Główny bohater "Shiroi Haru" - Haruo Sakura (Hiroshi Abe), kierując się szlachetnymi pobudkami i szczerą miłością, podjął w pewnym momencie swojego życia tragiczną w swych skutkach decyzję. W wyniku tego zdarzenia na wiele lat trafił do więzienia, zostawiając swoją śmiertelnie chorą dziewczynę, której to właśnie życie miał uratować jego heroiczny czyn. Haruo poznajemy w momencie, gdy wychodzi na wolność i dowiaduje się, że... jego ukochana nie żyje, a pieniądze przeznaczone na ratowanie jej życia, gdzieś zniknęły. Ale to nie koniec, okazuje się bowiem, iż Haruo ma... 9-letnią córeczkę, która prowadząc szczęśliwe życie w gronie rodzinnym, nie wie nawet o jego istnieniu. Haruo, targany bólem i wyrzutami sumienia, postanawia odkryć prawdę. I dopiero tutaj zaczyna się prawdziwy dramat...
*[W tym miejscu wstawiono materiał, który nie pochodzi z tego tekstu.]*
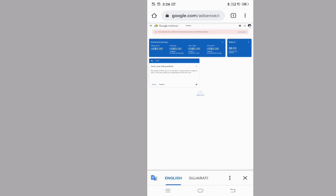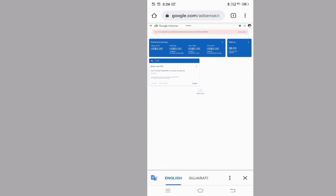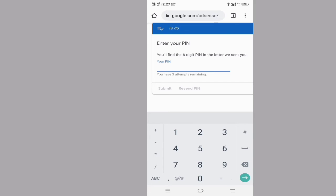I'm going to show you how to verify your billing address.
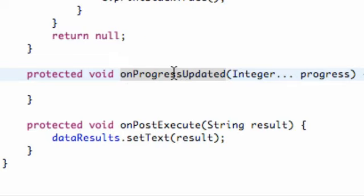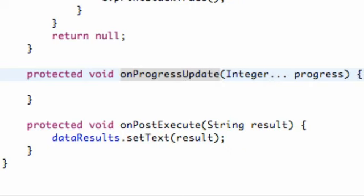We have this third method called onProgressUpdated, and it's actually supposed to just be onProgressUpdate. I'll show you what that does more in this tutorial, since we're going to get a bit more familiar with this async task.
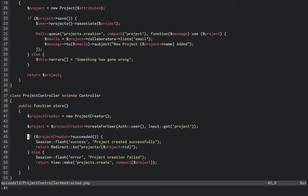So as you can see, this didn't take much work to abstract. But we can use this in multiple locations now. The controller can use it, the command line can use it, a queue worker can use it. It serves many purposes.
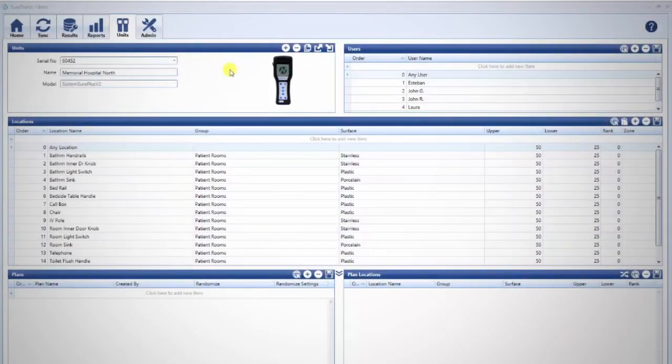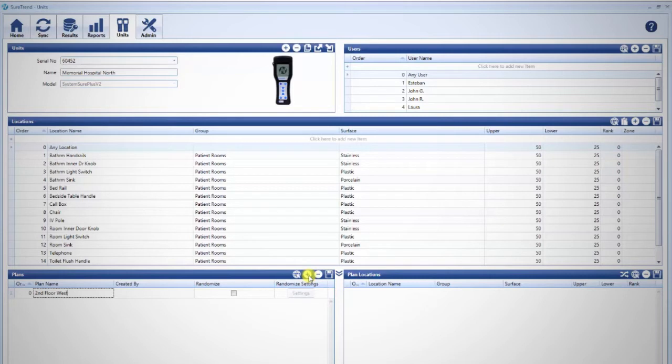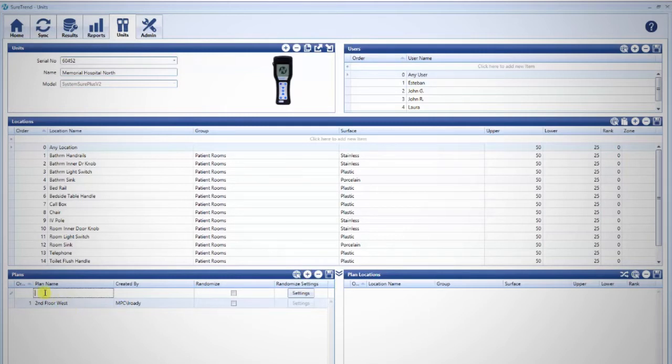To make a test plan, navigate to the Units tab and click the plus sign in the Plans pane. Name the plan and once completed, press Enter. Hygiena Luminometers display up to 20 characters for the plan name. You may also click into the empty box under Plan Name and start typing, then press Enter when finished.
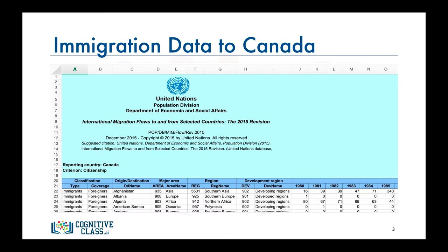As you can see, the first 20 rows contain textual data about the UN department and other irrelevant information. Row 21 contains the labels of the columns. Following that, each row represents a country and contains metadata about the country such as what continent it resides in, what region it belongs to, and whether the region is developing or developed. Each row also contains the total number of immigrants from that country for the years 1980 all the way to 2013.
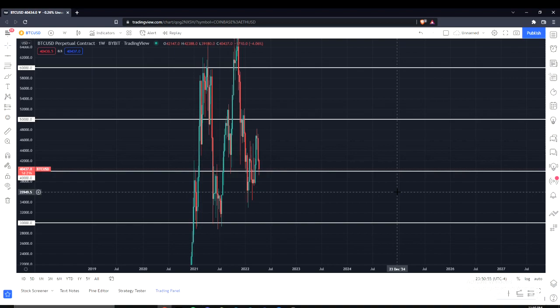Hey guys, 100pips here and today I'm going to be doing my weekly chart analysis on Bitcoin/USD and Ethereum/Bitcoin. The reason I do this every week is to show you guys what is going on in the markets, what my analysis is for this week, and what we think happened overall based on the information we have.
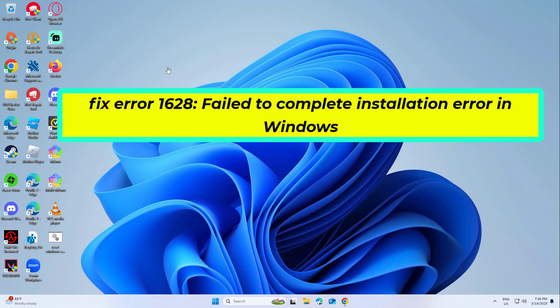Fix error 1628 failed to complete installation error in Windows. In this video I will show you a few solutions to fix the problem.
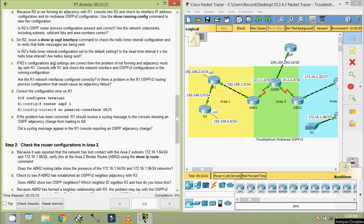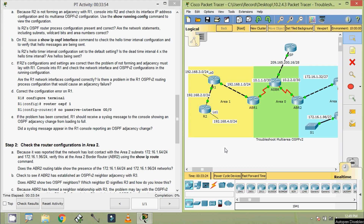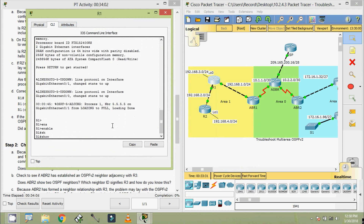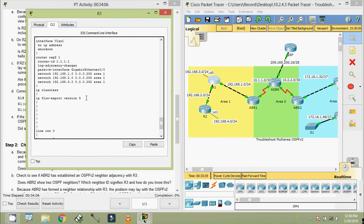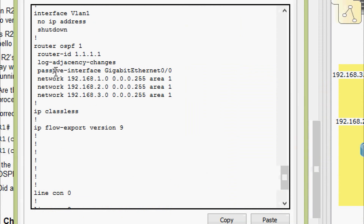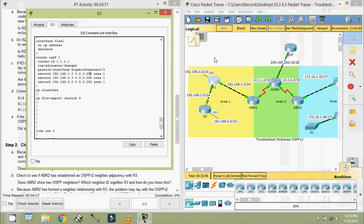Since R2's configurations and settings are correct, the problem of not forming an adjacency must lie with R1. We console into R1 and check the network interface and OSPF v2 configurations in the running configuration. Using show running-config, we can see Router OSPF 1 with a Router ID. Notably, we see a passive-interface configuration on GigabitEthernet 0/0.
Fabuły streszczał Wam nie będę, gdyż nie miałoby to większego sensu. Powiem tylko tyle, że jest ona zawiła, czasami zaskakująca i... bardzo dramatyczna. Jeśli oglądaliście "Kekkon Dekinai Otoko" (Facet nie do ożenienia) i podobał wam się Hiroshi Abe w tej lekkiej i bardzo przyjemnej historii, tutaj możecie czuć się nieco... przytłoczeni (chwilami) nadmiernym dramatyzmem. To oczywiście wcale nie musi być wadą, ale takie są moje odczucia - spodziewałem się po prostu lżejszej historii. Hiroshi Abe ma zbyt wielki talent komediowy, aby "marnować go" na sceny dramatyczne, w których - to trzeba przyznać szczerze - też jest bardzo dobry. Nie w tym jednak rzecz. Cały czas oglądając tę serię, nie mogłem się powstrzymać od porównywania jej z "Kekkon Dekinai Otoko", nie spodziewałem się, iż twórcy zafundują nam aż tak dramatyczną historię - myślę po prostu, iż Abe potrafi więcej, gdy jego zadaniem jest rozśmieszyć widza. Ale... właśnie to mnie ostatecznie przekonało, że seria ta naprawdę jest warta uwagi, gdyż mimo tego całego "ciężaru emocjonalnego" (miejcie pod ręką chusteczki), ogląda się ją wyśmienicie! A Hiroshi Abe - co mnie zupełnie już rozbroiło - potrafi być zabawny nawet w scenach poważnych, nie psując przy tym ich dramatyzmu. Maestria!

"Shiroi Haru" to opowieśc o zmarnowanej szansie na szczęśliwe życie i o tym, iż za wszystkie nasze błędy wcześniej czy później przyjdzie nam w końcu zapłacić. Serial został uhonorowany trzema nagrodami, w tym za najlepszy scenariusz i dla najlepszego aktora dla Hiroshi Abe. I słusznie.

"Shiroi Haru" to naprawdę dobrze zrobiona seria, może chwilami naiwna (jak wszystkie dramy), ale za to doskonale zrealizowana, bardzo dobrze zagrana, uzupełniona doskonałą ścieżką dźwiękową i przede wszystkim - to bardzo ciekawie opowiedziana historia. Ostatecznie, możecie mieć mieszane uczucia tylko przy finale (skrajnie dramatycznym, auć!), natomiast na pewno nie będziecie żałować, że poświęciliście tej serii swój czas.